Segment Open

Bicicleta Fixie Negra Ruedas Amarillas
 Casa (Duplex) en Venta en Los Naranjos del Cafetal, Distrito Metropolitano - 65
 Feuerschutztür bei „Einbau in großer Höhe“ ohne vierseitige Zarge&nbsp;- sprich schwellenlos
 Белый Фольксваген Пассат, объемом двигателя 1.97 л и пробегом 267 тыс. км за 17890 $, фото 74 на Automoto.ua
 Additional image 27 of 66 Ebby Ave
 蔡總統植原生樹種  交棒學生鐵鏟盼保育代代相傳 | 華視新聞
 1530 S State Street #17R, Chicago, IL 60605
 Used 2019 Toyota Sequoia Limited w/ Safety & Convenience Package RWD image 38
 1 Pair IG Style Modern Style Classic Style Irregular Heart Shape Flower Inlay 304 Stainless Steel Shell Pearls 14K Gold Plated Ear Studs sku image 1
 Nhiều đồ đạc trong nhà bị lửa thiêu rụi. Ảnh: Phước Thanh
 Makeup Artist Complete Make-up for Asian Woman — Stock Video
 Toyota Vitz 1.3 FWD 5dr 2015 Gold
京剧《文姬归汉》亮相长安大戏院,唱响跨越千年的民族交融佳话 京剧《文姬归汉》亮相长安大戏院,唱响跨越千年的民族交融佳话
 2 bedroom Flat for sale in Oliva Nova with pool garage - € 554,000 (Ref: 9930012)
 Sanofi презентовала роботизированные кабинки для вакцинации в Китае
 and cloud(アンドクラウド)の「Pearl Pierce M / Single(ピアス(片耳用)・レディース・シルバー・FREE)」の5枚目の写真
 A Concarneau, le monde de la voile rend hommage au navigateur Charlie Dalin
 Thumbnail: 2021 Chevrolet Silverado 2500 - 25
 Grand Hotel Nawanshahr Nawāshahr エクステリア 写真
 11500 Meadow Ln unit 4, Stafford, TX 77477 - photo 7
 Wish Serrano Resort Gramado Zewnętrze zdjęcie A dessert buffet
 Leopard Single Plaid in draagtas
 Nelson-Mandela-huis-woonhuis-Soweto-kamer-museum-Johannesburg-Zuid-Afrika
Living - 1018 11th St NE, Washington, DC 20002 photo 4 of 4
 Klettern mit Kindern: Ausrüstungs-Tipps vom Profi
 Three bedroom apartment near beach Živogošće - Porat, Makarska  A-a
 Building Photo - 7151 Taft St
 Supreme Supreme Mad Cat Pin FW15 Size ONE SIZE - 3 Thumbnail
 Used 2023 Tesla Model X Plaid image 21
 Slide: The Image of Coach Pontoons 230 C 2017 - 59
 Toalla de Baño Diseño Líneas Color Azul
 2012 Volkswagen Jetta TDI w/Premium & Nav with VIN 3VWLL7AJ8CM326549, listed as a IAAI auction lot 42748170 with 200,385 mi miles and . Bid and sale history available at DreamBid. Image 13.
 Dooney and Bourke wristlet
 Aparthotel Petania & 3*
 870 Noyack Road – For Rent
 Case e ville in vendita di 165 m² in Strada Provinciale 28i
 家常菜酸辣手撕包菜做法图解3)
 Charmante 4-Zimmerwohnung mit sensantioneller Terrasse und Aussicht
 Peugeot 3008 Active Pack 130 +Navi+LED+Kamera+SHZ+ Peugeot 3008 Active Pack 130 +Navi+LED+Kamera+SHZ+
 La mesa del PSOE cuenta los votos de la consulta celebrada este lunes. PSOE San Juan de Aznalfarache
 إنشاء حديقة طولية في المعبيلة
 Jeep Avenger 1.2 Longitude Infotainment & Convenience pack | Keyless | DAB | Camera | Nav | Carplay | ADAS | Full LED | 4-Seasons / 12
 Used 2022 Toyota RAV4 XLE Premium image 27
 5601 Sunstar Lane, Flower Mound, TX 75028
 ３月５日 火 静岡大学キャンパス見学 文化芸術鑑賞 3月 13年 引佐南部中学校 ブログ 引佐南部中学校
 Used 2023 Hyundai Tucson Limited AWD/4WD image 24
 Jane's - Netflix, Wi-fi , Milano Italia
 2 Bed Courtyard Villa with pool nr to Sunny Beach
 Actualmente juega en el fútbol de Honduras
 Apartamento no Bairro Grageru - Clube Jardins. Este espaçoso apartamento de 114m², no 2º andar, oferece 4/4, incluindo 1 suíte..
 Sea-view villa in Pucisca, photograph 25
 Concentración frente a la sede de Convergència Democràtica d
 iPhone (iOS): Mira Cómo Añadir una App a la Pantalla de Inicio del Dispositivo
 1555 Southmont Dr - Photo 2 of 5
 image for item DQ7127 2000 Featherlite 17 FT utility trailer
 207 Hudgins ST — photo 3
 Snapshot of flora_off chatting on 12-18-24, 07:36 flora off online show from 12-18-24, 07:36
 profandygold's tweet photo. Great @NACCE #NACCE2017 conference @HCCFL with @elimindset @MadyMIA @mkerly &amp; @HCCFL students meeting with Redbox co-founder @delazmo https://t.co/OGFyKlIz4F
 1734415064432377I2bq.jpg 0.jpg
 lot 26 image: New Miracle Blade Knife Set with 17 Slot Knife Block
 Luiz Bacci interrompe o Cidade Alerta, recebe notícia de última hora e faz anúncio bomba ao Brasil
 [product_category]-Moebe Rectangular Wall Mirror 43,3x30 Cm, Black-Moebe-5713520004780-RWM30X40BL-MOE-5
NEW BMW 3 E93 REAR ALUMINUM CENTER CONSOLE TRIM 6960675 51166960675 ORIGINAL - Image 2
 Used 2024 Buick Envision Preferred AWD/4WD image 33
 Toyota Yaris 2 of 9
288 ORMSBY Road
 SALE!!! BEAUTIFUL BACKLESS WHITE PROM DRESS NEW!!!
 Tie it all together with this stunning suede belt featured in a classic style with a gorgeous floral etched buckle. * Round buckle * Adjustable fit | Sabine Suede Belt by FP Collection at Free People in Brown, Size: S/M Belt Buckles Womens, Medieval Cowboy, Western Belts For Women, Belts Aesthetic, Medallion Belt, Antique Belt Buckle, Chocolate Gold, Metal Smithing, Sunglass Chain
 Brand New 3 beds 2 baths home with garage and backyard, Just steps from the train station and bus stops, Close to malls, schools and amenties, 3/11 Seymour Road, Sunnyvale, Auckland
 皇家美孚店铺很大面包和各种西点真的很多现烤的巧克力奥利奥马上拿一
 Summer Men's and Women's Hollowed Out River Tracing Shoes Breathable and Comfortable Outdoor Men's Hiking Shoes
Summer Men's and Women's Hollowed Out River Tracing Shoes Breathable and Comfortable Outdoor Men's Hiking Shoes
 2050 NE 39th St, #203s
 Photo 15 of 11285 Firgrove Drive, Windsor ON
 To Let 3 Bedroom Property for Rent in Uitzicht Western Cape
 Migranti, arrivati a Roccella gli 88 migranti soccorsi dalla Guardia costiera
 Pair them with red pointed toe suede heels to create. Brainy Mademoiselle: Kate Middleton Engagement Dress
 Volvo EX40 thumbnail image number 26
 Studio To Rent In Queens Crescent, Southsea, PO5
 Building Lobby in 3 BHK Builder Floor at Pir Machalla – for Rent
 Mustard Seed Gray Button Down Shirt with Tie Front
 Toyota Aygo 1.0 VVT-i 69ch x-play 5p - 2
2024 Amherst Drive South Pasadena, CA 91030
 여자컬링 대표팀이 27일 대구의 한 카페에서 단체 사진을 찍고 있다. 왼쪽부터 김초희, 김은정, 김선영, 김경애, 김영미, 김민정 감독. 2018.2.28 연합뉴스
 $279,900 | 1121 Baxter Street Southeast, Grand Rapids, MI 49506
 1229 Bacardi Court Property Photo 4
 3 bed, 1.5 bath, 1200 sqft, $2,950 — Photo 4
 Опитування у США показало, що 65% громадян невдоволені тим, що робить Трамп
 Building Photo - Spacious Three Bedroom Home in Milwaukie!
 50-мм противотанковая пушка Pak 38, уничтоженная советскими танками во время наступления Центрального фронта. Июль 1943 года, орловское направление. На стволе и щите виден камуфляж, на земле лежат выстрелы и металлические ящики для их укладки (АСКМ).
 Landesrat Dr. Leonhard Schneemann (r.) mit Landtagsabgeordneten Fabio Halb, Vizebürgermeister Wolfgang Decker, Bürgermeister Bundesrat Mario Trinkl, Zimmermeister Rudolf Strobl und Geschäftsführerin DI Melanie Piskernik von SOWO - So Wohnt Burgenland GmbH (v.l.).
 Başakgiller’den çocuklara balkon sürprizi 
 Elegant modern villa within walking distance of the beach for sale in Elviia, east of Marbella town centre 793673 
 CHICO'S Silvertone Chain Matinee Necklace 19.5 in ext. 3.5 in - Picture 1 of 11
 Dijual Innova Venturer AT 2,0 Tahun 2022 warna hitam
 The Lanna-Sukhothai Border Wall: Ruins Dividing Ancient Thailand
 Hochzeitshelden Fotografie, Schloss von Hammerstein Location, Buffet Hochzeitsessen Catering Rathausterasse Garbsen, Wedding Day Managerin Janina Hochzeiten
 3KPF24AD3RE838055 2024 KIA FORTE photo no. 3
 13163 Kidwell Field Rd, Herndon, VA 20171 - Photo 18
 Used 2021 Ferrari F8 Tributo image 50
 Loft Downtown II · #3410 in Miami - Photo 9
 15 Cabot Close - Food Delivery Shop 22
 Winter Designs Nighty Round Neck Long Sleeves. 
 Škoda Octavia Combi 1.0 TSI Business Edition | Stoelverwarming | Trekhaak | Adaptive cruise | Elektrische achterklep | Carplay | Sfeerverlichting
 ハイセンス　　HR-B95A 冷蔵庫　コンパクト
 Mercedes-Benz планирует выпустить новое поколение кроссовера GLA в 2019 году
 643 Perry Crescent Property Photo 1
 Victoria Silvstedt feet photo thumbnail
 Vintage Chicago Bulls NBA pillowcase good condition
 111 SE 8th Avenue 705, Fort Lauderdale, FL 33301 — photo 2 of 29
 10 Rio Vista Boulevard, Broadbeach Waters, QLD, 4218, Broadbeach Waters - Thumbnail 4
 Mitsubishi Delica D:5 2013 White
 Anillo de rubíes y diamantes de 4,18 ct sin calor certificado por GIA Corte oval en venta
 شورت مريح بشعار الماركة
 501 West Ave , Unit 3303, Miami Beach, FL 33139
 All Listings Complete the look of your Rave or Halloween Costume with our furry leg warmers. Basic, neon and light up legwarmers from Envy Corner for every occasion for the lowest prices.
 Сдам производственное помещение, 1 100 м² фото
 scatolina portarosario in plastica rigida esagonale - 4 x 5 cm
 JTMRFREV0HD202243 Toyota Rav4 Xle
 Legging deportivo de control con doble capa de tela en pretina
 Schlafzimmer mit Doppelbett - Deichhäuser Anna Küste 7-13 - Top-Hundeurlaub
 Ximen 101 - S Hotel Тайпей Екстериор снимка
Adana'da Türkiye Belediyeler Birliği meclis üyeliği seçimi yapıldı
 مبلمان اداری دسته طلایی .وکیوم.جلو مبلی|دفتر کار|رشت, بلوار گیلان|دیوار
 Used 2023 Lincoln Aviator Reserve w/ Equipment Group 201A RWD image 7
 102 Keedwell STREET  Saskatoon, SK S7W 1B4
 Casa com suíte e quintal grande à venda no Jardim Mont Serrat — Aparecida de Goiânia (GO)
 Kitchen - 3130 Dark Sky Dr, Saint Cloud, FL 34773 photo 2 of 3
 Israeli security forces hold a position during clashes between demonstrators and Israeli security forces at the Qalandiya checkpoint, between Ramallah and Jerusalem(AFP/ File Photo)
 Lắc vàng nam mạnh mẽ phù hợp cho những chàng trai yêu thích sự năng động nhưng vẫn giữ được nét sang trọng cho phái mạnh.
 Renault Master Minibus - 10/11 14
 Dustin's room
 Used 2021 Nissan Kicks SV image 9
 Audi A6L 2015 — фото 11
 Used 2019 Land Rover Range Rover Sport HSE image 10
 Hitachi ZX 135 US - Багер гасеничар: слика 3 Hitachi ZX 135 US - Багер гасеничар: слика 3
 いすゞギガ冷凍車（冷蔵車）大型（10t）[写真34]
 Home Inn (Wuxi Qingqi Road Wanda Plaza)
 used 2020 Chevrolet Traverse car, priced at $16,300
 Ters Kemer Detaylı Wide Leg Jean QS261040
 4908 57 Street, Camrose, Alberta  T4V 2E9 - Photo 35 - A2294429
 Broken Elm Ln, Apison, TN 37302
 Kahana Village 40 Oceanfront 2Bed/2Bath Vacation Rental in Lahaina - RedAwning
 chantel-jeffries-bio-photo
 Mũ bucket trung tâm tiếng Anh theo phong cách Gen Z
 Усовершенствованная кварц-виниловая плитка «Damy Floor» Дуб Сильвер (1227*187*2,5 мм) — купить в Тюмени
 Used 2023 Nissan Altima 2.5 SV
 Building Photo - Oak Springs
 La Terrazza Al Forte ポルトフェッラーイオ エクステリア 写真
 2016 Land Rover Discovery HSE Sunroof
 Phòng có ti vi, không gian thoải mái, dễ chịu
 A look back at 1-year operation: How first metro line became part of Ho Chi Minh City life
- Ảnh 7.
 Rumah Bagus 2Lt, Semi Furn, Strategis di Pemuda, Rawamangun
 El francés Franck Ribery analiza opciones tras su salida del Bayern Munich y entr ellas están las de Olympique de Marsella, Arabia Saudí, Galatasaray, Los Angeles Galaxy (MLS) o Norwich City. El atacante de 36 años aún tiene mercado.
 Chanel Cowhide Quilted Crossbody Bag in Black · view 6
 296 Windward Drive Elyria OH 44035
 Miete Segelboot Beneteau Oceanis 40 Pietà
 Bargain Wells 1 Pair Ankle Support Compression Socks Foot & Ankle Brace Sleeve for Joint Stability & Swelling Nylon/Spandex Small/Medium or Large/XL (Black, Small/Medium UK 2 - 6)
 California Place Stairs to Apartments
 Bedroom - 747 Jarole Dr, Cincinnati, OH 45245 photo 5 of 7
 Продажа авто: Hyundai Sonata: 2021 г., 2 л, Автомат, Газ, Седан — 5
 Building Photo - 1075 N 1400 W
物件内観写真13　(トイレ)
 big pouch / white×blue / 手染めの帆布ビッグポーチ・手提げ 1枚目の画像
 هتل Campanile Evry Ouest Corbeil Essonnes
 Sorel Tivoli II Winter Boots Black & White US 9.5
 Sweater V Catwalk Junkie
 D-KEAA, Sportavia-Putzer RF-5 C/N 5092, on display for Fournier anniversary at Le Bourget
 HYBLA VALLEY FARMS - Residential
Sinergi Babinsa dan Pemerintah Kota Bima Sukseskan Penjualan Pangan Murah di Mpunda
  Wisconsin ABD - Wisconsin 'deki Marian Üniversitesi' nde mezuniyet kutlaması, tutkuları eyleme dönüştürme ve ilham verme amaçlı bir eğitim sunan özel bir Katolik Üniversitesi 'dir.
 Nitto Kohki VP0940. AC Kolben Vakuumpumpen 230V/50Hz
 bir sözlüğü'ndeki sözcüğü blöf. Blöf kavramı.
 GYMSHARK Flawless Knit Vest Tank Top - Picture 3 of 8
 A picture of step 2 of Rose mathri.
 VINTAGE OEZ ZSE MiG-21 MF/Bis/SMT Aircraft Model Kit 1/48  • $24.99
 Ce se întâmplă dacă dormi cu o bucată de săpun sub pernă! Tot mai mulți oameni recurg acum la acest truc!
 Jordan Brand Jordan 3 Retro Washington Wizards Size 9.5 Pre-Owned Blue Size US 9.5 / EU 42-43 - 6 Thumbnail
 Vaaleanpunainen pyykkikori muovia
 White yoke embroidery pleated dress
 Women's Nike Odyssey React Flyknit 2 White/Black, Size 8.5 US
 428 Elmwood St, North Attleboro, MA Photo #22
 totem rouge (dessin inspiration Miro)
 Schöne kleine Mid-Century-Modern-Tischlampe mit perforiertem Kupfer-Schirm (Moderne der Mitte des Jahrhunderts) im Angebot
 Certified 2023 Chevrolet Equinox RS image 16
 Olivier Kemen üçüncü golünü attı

Segment Closed

# Problem requirements:
Using the data above, print exactly the lines from the line that contains "Wish Serrano Resort" through the line that contains "Living - 1018", with both included.

# Result below:
 Wish Serrano Resort Gramado Zewnętrze zdjęcie A dessert buffet
 Leopard Single Plaid in draagtas
 Nelson-Mandela-huis-woonhuis-Soweto-kamer-museum-Johannesburg-Zuid-Afrika
Living - 1018 11th St NE, Washington, DC 20002 photo 4 of 4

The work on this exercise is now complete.